4 Eat sleep-inducing foods
To get good ZZZs, we need a healthy balance of the naturally produced sleep-inducing hormones serotonin and melatonin in our systems. Adequate amounts of vitamin B6 and tryptophan are required to boost these hormone levels. Foods high in tryptophan include beans, lentils, soybeans, nuts (especially walnuts and cashews), spinach, whole grains, and poultry. Vitamin B6-rich foods include lean meat, fish, pistachios, apricots, raisins, spinach, spinach, broccoli, asparagus, and sweet potatoes. Also, high potassium and magnesium foods help relax muscles for better sleep. Whole grains, nuts and seeds, and dark green leafy vegetables all contain lots of magnesium. While potassium is found in bananas, oranges, potatoes, apricots, yogurt, and milk. It’s important to include adequate amounts of protein with carbs to stabilise blood-sugar levels. Also, make sure they and you drink plenty of water – we all need to be well hydrated for our sleep biochemistry to function well.
5 Focus on gratitude
This is one of my favourite techniques for helping little ones to get to sleep if they are upset – it works beautifully with adults too. Get them comfy in bed and then ask them to think of as many nice things that happened in their day as possible and how it made them feel. This last question is key – how did it make you feel? And where did it feel good in your body? They might need some initial prompting and will then often say – it felt good in my tummy or in my chest. Gently prompt them to recapture that feeling in their body maybe by placing their hand on their belly or chest and breathing into that spot.

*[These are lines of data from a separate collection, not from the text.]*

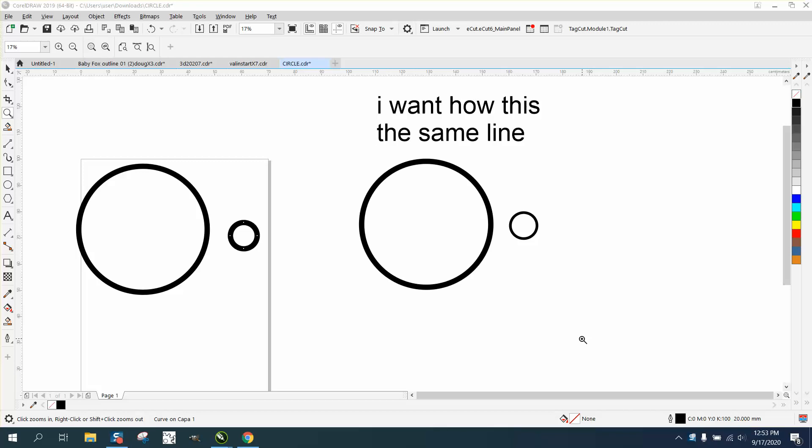Hi, it's me again with CorelDraw tips and tricks. This could be a short sweet video. I've done videos like this before, but this person sent me this file so I thought I'd show him on his exact file.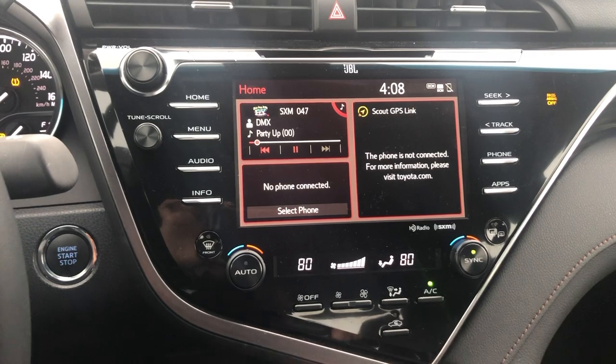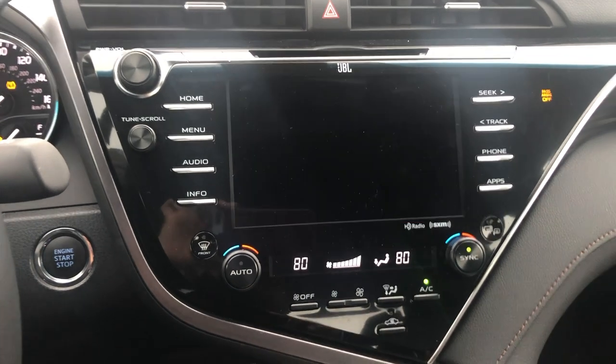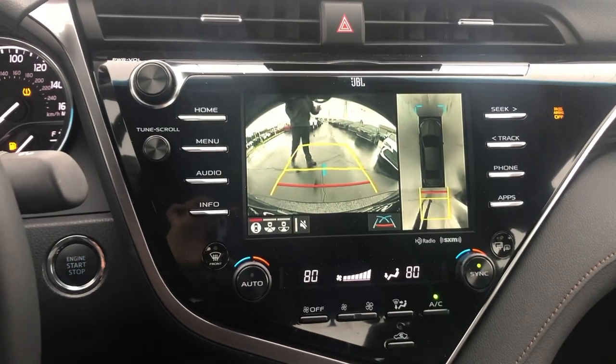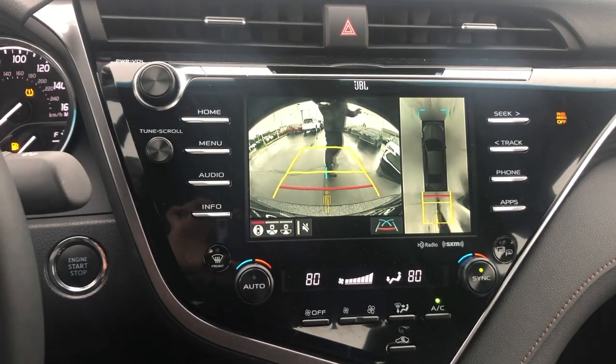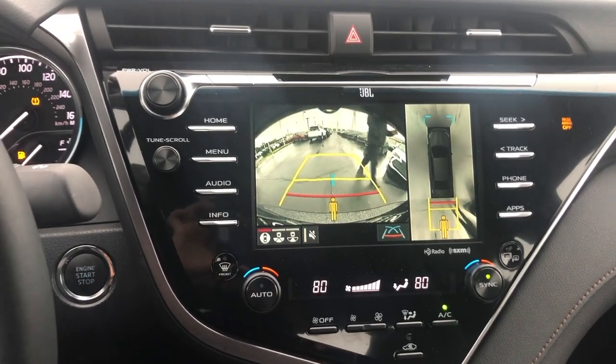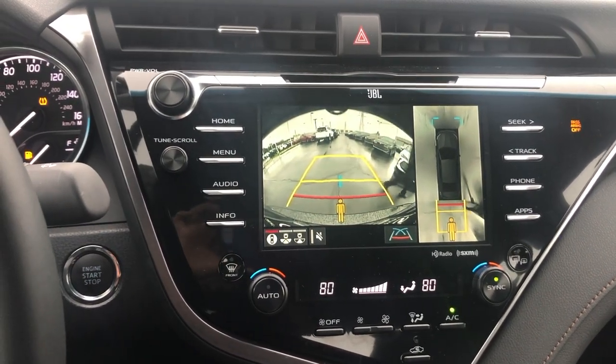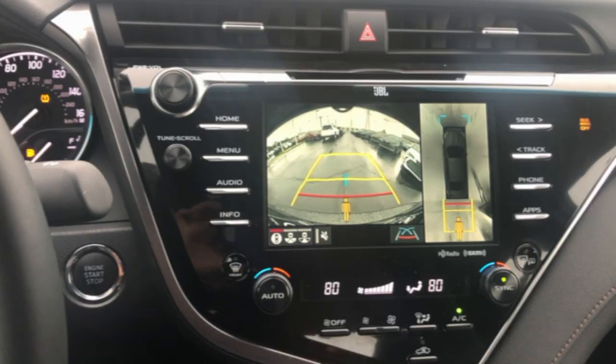Now I'm going to show you guys how to use your rear cross traffic alert. What you need to do is shift into reverse. Whenever you're in reverse, if there's something behind you, it'll give you an audible and a visual warning.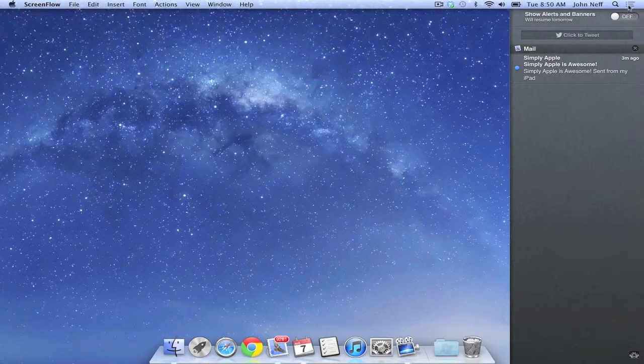You will also notice that in the upper right corner of my screen, the notification icon has been grayed out.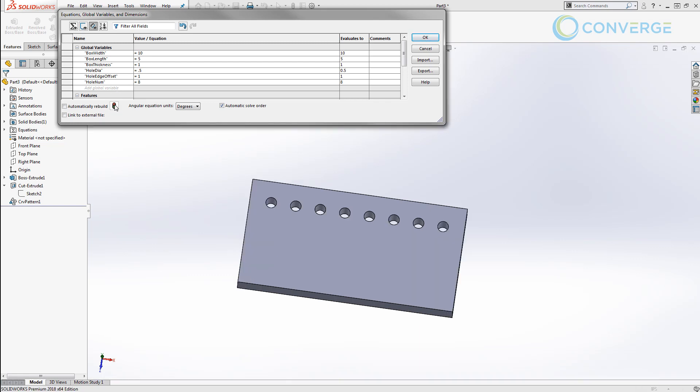There are other ways that we can approach this as well and we're going to talk about how to create if-else statements to dictate how many hole patterns are going to be located inside of a certain area. But for right now I want to make sure that we understand the application that we did here.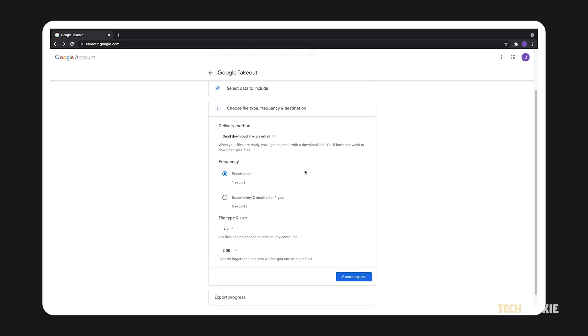You can opt to have a download link emailed to you or have it uploaded to another service. Under frequency, you can choose to export all of your files at once or have your drive exported every two months for a year.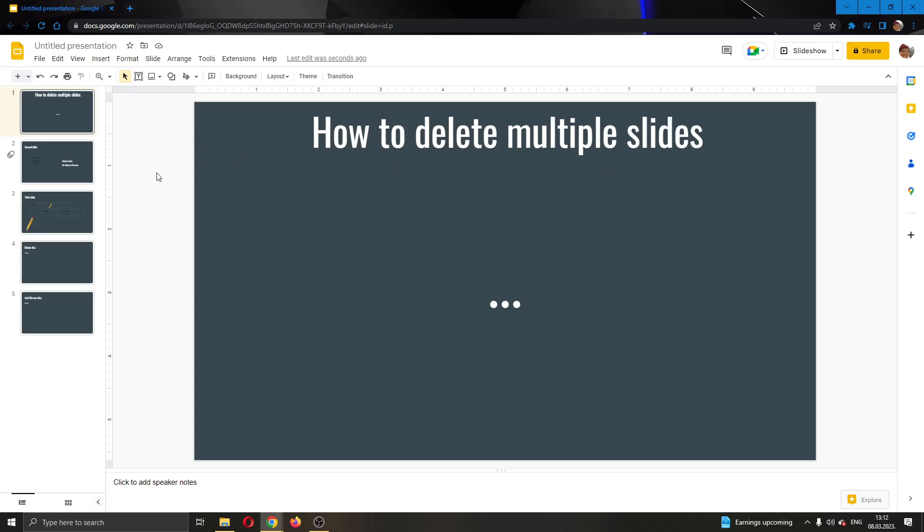The first thing you want to do is go ahead to the official Google Slides website and log into your account. After logging in, you'll be greeted by this main page where you will be able to create a presentation.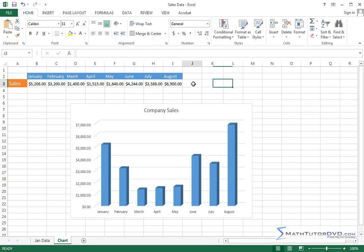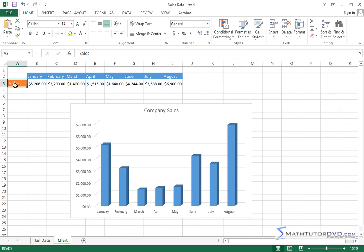Basically the formula bar reflects what is in the cell that you've highlighted. So if I click sales here, now you notice I've got an orange background and white text, so it's kind of a formatted pretty looking cell. The formula bar tells me the value of the text that's in there, so it says sales.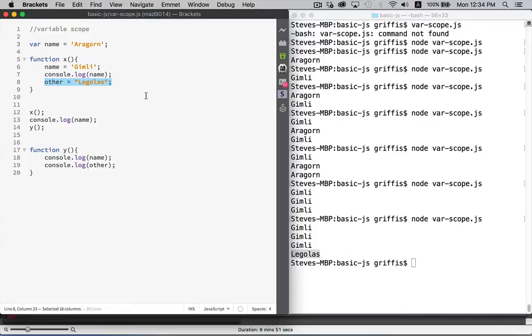And that's it. That's variable scope, global and local. Just be sure that you're always putting the word var in front of it when you are creating the variable, or you may get some unexpected results.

Dr Nerina Ramlakhan has worked as a professional physiologist and sleep expert for 25 years. As a former insomniac, Nerina combines her professional experience with academic and personal insights, and believes sleep problems are not simply about sleep, but rather about how we deal with life and its inevitable challenges.
Nerina is author of Tired But Wired (Souvenir Press, 2010), Fast Asleep, Wide Awake (Thorsons, 2016), and The Little Book of Sleep: The Art of Natural Sleep (Gaia, 2018) and her work has been featured in The Times, Telegraph, Guardian, New Scientist, Psychologies, Red and Healthy Living magazines. She has also appeared on numerous national TV and radio programmes including This Morning, Jamie and Jimmy’s Friday Night Feast, Sky News and BBC Radio 2. Dr Nerina is also a Stylist editorial contributor and gives her expert opinion for the Stylist Sleep Diaries, an ongoing weekly feature where readers can record their routines and receive her expert advice on their lifestyle and bedtime routines.
Nerina enjoys yoga, meditation, running and cycling and has completed 7 marathons and several iron man triathlons. She has a sixteen-year-old daughter and lives in London.